Data to process:
◇ ◇ ◇

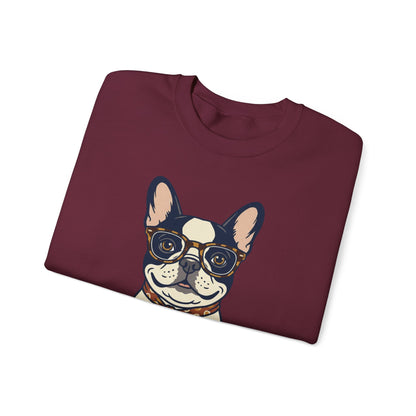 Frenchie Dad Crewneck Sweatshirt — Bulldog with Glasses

◇ ◇ ◇

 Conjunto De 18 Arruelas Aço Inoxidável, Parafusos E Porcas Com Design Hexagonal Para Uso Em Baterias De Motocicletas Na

◇ ◇ ◇

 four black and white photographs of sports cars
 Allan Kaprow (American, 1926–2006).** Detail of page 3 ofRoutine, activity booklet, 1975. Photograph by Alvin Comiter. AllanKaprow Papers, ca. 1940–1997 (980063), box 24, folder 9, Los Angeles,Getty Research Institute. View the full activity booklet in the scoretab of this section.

◇ ◇ ◇

Give back exactly the lines above, from the line containing "four black and" through the line containing "Allan Kaprow (American, 1926–2006).**", with both end lines and nothing more.

 four black and white photographs of sports cars
 Allan Kaprow (American, 1926–2006).** Detail of page 3 ofRoutine, activity booklet, 1975. Photograph by Alvin Comiter. AllanKaprow Papers, ca. 1940–1997 (980063), box 24, folder 9, Los Angeles,Getty Research Institute. View the full activity booklet in the scoretab of this section.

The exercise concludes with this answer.